Crawled caption data.
################

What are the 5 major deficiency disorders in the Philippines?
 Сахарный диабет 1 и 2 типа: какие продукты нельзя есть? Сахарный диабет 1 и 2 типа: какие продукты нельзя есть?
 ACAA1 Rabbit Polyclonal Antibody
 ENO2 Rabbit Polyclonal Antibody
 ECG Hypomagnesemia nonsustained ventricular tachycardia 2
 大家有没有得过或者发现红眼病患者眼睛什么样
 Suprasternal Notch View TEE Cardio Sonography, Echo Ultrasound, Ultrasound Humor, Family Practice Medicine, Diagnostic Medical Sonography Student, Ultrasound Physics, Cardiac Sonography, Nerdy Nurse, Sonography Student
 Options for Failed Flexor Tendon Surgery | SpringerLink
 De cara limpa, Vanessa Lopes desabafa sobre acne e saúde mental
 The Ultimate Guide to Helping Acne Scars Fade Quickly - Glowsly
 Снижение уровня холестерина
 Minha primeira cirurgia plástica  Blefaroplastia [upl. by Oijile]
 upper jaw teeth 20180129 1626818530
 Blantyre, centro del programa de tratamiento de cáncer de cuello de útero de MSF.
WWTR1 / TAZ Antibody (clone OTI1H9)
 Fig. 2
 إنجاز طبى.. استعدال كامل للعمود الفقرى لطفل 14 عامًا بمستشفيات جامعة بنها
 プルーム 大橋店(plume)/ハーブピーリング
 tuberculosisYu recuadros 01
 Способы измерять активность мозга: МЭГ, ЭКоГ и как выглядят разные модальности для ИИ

################

Assignment.
Reproduce every line above that contains the string "Antibody".

Response area.
 ACAA1 Rabbit Polyclonal Antibody
 ENO2 Rabbit Polyclonal Antibody
WWTR1 / TAZ Antibody (clone OTI1H9)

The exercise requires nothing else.